Context Distillation
A technique where the behavior of a model prompted with detailed instructions is distilled into a model that exhibits the same behavior without the instructions.
Context Management
Strategies for efficiently using an LLM's limited context window, including what information to include, how to compress it, and when to summarize or truncate.
Context Window
The maximum amount of text (measured in tokens) that a language model can process in a single interaction. It includes both the input prompt and the generated output. Larger context windows allow models to handle longer documents.
Contextual Bandits
An extension of multi-armed bandits where the agent observes context (features) before making a decision, enabling personalized choices based on the current situation.
Continual Learning
Training a model on new data or tasks over time without forgetting previously learned knowledge. Also called lifelong learning or incremental learning.
Continual Pre-Training
Extending a pre-trained model's training on new domain-specific data without starting from scratch. It adapts the model to a new domain while preserving general capabilities.
Continuous Batching
A serving technique where new requests are added to an in-progress batch as existing requests complete, maximizing GPU utilization rather than waiting for an entire batch to finish.
Contrastive Learning
A self-supervised technique where the model learns by comparing similar (positive) and dissimilar (negative) pairs of examples. It learns representations where similar items are close and different items are far apart.
Conversational AI
AI technology that enables natural, multi-turn conversations between humans and machines. It combines NLU, dialog management, and NLG to maintain coherent, contextual interactions.

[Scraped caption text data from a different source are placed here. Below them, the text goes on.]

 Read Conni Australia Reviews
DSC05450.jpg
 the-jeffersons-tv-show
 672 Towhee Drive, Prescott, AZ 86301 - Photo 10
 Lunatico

Convolutional Neural Network
A type of neural network specifically designed for processing grid-like data such as images. CNNs use convolutional layers that apply filters to detect patterns like edges, textures, and shapes at different scales.
Cosine Similarity
A metric that measures the similarity between two vectors by calculating the cosine of the angle between them. Values range from -1 (opposite) to 1 (identical), with 0 meaning unrelated.

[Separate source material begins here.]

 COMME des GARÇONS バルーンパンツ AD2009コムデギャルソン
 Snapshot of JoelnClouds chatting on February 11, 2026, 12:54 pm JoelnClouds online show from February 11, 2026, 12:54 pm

Counterfactual Explanation
An explanation of an AI decision that describes what would need to change in the input for the model to produce a different output. It answers 'What if?' questions about predictions.
Cross-Encoder
A model that takes two texts as input simultaneously and outputs a relevance or similarity score. Unlike bi-encoders, cross-encoders consider the full interaction between both texts.
Cross-Entropy
A loss function commonly used in classification tasks that measures the difference between the predicted probability distribution and the actual distribution. Lower cross-entropy means better predictions.
Cross-Validation
A model evaluation technique that splits data into multiple folds, trains on some folds and tests on the held-out fold, repeating so every fold serves as the test set. It provides a robust estimate of model performance.
Crowdsourcing
Using a large group of distributed workers (often through platforms like Amazon Mechanical Turk or Scale AI) to perform data annotation and labeling tasks.
CUDA
Compute Unified Device Architecture — NVIDIA's parallel computing platform that enables GPU programming for AI workloads. CUDA is the dominant software ecosystem for AI computation.
Curriculum Learning
A training strategy inspired by human education where the model is exposed to training examples in a meaningful order — starting with easier examples and gradually increasing difficulty.